- [INSTRUCTIONS TO FOLLOW]
Beginning with the line that has "Double Sided Hologram", please write out the remaining lines of the material exactly, the last one included.

::::

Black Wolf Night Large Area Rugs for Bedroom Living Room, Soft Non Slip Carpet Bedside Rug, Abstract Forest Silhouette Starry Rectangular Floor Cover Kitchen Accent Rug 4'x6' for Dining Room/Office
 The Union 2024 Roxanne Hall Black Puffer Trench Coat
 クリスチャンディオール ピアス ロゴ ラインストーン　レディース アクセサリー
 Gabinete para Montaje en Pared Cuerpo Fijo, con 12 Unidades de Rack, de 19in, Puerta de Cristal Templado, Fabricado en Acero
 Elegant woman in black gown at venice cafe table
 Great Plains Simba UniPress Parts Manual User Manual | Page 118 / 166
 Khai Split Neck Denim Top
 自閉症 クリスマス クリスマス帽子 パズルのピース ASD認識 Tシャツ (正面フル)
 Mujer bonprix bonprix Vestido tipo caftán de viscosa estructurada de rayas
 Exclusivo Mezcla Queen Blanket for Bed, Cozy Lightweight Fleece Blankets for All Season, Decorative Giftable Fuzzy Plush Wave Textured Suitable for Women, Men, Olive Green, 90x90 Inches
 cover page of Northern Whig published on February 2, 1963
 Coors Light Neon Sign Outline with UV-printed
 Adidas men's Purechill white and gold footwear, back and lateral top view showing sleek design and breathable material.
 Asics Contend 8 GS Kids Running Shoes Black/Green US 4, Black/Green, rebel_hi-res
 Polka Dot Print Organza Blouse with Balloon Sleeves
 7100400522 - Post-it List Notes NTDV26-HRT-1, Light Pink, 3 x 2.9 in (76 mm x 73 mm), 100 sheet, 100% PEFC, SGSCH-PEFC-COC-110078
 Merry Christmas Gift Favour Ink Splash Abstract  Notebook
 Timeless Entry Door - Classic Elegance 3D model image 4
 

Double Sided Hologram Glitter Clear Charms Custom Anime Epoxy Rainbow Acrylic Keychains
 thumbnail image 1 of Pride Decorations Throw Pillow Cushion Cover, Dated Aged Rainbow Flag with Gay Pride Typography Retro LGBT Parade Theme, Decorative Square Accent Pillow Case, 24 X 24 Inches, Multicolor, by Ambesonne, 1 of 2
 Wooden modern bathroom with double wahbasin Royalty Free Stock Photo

::::

- [RESPONSE BELOW]
Double Sided Hologram Glitter Clear Charms Custom Anime Epoxy Rainbow Acrylic Keychains
 thumbnail image 1 of Pride Decorations Throw Pillow Cushion Cover, Dated Aged Rainbow Flag with Gay Pride Typography Retro LGBT Parade Theme, Decorative Square Accent Pillow Case, 24 X 24 Inches, Multicolor, by Ambesonne, 1 of 2
 Wooden modern bathroom with double wahbasin Royalty Free Stock Photo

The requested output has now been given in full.